## SUPPLIED DATA
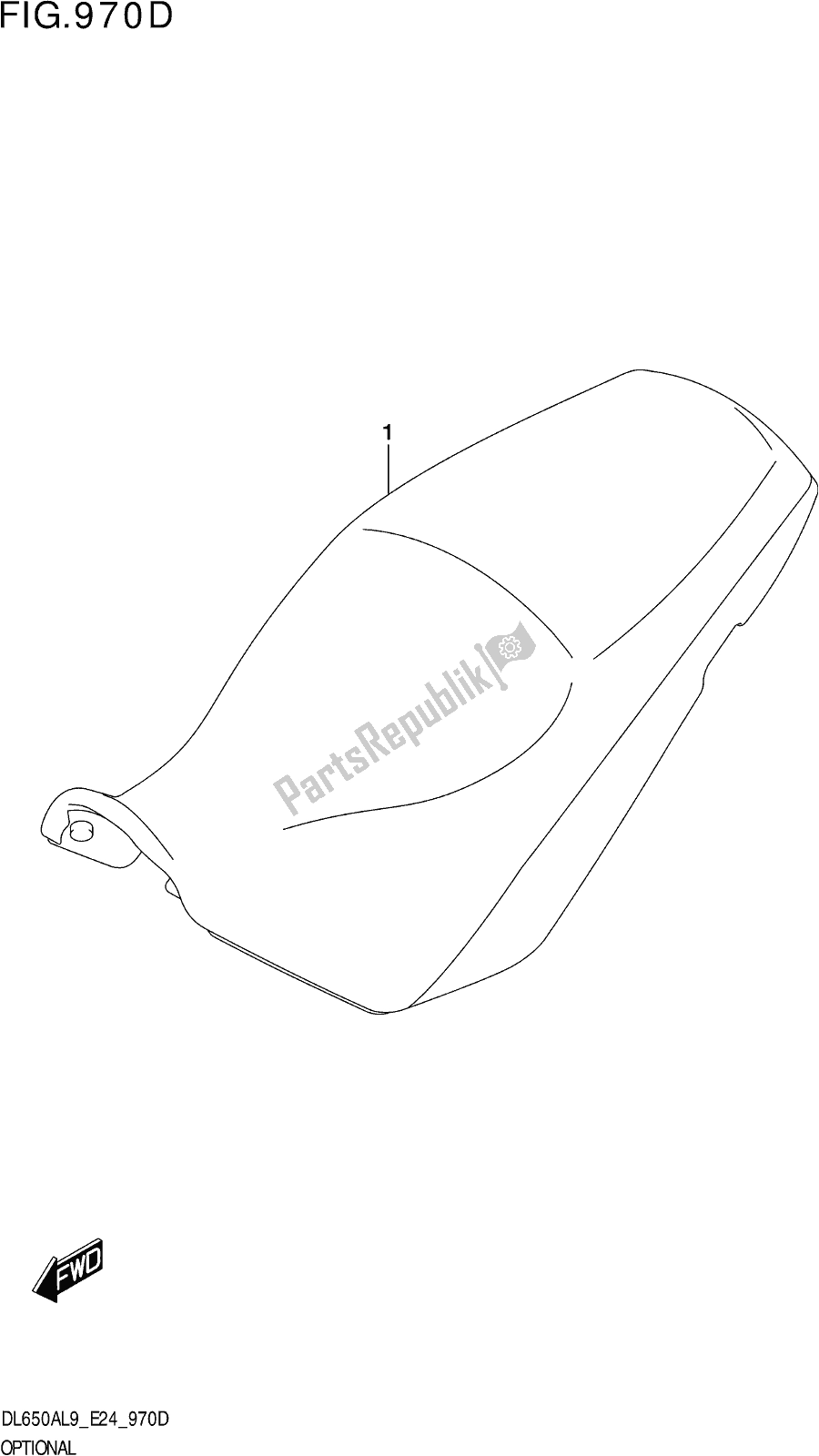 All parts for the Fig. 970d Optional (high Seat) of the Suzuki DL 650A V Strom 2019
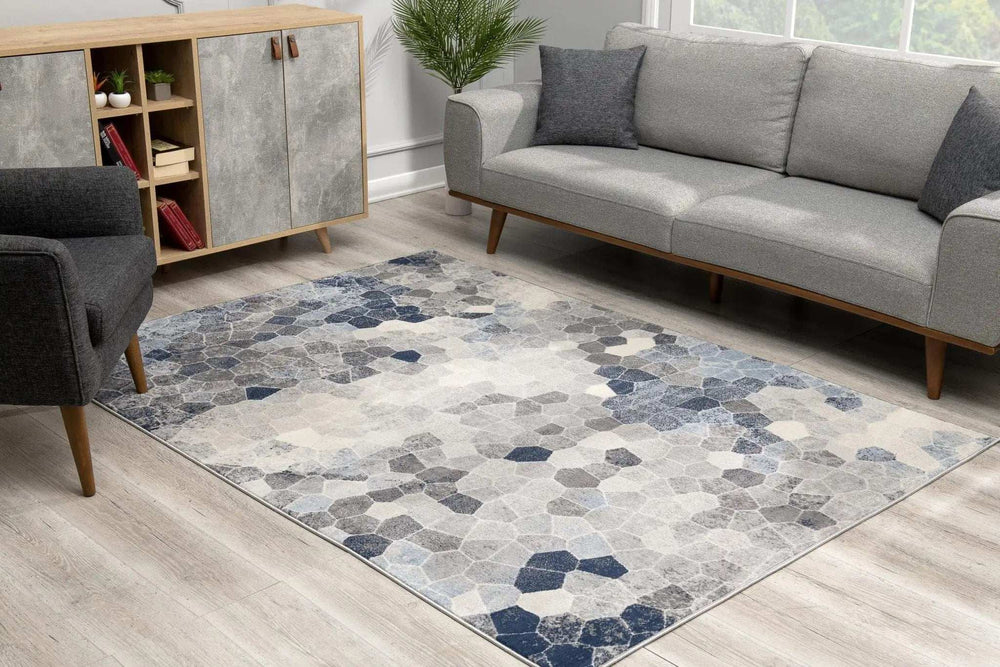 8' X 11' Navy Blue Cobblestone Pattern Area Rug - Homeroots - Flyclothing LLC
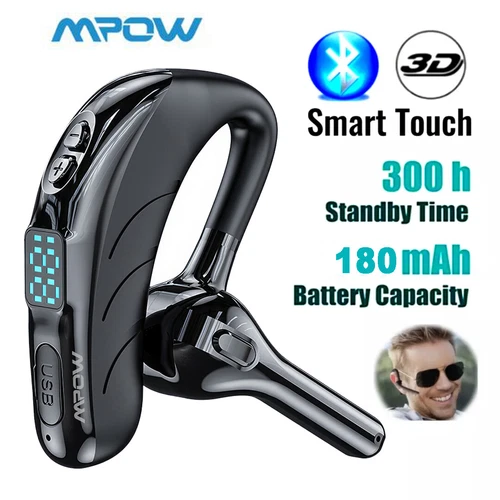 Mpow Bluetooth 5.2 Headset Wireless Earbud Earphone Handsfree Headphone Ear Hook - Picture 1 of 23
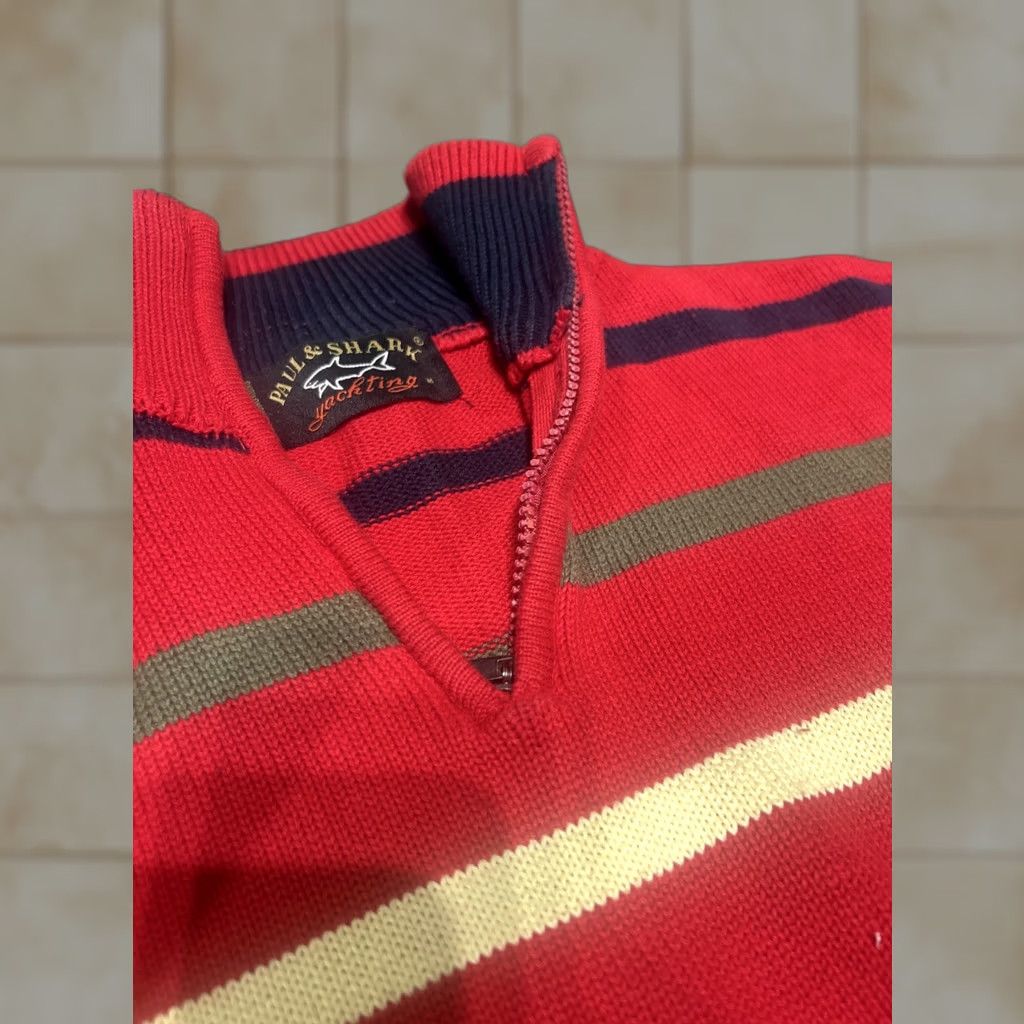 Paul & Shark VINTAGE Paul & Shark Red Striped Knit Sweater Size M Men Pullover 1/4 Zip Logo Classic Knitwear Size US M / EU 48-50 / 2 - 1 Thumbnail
==
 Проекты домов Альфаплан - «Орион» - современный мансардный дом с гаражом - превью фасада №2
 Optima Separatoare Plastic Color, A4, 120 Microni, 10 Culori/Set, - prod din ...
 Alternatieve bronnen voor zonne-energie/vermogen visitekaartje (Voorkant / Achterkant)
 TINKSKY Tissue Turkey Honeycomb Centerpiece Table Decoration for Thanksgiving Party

## EXERCISE
Nothing but the lines above from the one that has "Mpow Bluetooth 5.2" down to the one that has "Paul & Shark VINTAGE" belongs in the answer, copied exactly, without pictures.

## TASK SOLUTION
 Mpow Bluetooth 5.2 Headset Wireless Earbud Earphone Handsfree Headphone Ear Hook - Picture 1 of 23
 Paul & Shark VINTAGE Paul & Shark Red Striped Knit Sweater Size M Men Pullover 1/4 Zip Logo Classic Knitwear Size US M / EU 48-50 / 2 - 1 Thumbnail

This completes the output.